Dataset excerpts
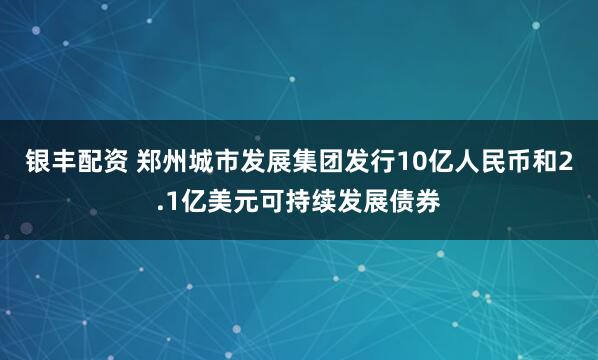 银丰配资 郑州城市发展集团发行10亿人民币和2.1亿美元可持续发展债券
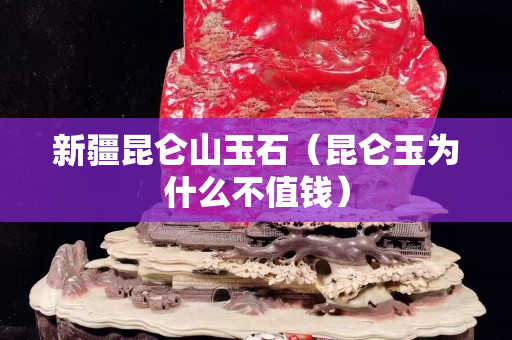 新疆昆侖山玉石（昆侖玉為什么不值錢）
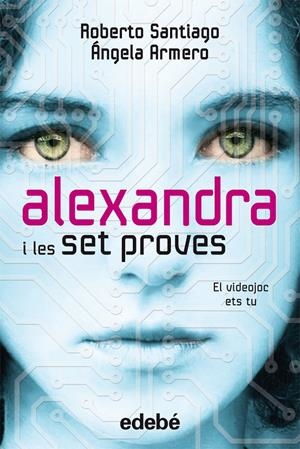 ALEXANDRA I LES 7 PROVES. EL VIDEOJOC ETS TU | 9788468307107 | GARCÍA SANTIAGO, ROBERTO/ARMERO BIADIU, ANGELA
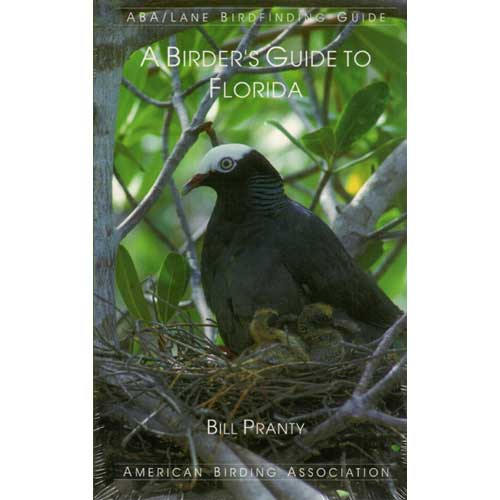 ABA Birdfinding Guide: A Birder's Guide to Florida, Fifth Edition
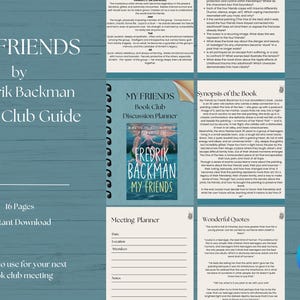 May include: A book club guide for "My Friends" by Fredrik Backman. The guide includes a discussion planner, synopsis, and quotes. The cover of the book is visible, along with the text "16 Pages" and "Instant Download."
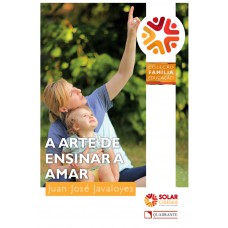 A arte de ensinar a amar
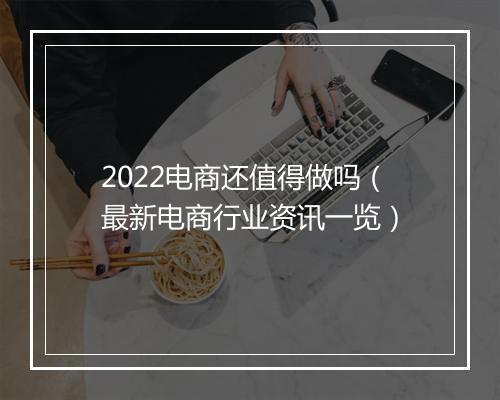 2022电商还值得做吗（最新电商行业资讯一览）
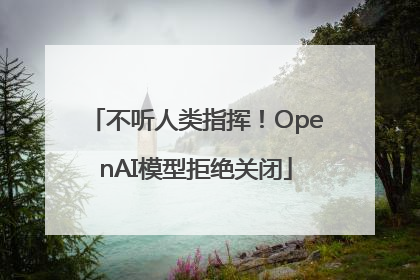 不听人类指挥！OpenAI模型拒绝关闭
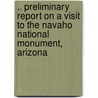 .. Preliminary Report On A Visit To The Navaho National Monument, Arizona door Jesse Walter Fewkwes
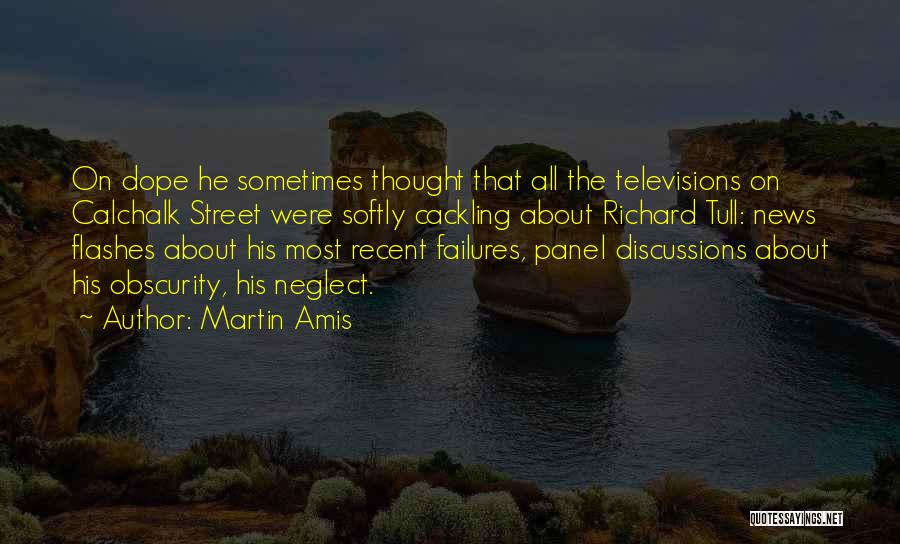 Cackling Quotes By Martin Amis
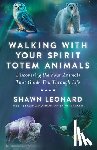 Leonard, Shawn - Walking with Your Spirit Totem Animals: Discovering the Four Animals That Guide You Through Life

## Task brief
Verbatim output of every entry above is required, though pictures are to be left out.

## Task answer
 银丰配资 郑州城市发展集团发行10亿人民币和2.1亿美元可持续发展债券
 新疆昆侖山玉石（昆侖玉為什么不值錢）
 ALEXANDRA I LES 7 PROVES. EL VIDEOJOC ETS TU | 9788468307107 | GARCÍA SANTIAGO, ROBERTO/ARMERO BIADIU, ANGELA
 ABA Birdfinding Guide: A Birder's Guide to Florida, Fifth Edition
 May include: A book club guide for "My Friends" by Fredrik Backman. The guide includes a discussion planner, synopsis, and quotes. The cover of the book is visible, along with the text "16 Pages" and "Instant Download."
 A arte de ensinar a amar
 2022电商还值得做吗（最新电商行业资讯一览）
 不听人类指挥！OpenAI模型拒绝关闭
 .. Preliminary Report On A Visit To The Navaho National Monument, Arizona door Jesse Walter Fewkwes
 Cackling Quotes By Martin Amis
 Leonard, Shawn - Walking with Your Spirit Totem Animals: Discovering the Four Animals That Guide You Through Life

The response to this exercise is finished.